-------- Source material --------
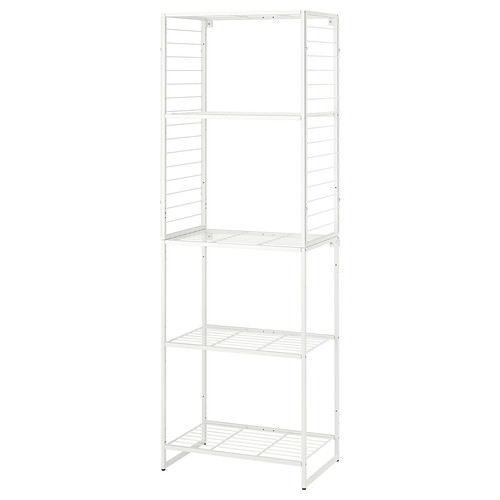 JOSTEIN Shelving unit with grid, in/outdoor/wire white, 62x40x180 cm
--------
-------- Source material --------
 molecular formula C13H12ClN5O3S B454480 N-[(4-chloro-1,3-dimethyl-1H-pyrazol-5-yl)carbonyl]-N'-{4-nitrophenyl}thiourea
--------
-------- Source material --------
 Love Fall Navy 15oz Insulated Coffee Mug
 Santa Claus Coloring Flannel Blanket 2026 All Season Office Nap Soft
--------
Problem statement = Reproduce only the lines above spanning from the line containing "Love Fall Navy 15oz Insulated Coffee Mug" through the line containing "Santa Claus Coloring", word for word.

Answer section =
 Love Fall Navy 15oz Insulated Coffee Mug
 Santa Claus Coloring Flannel Blanket 2026 All Season Office Nap Soft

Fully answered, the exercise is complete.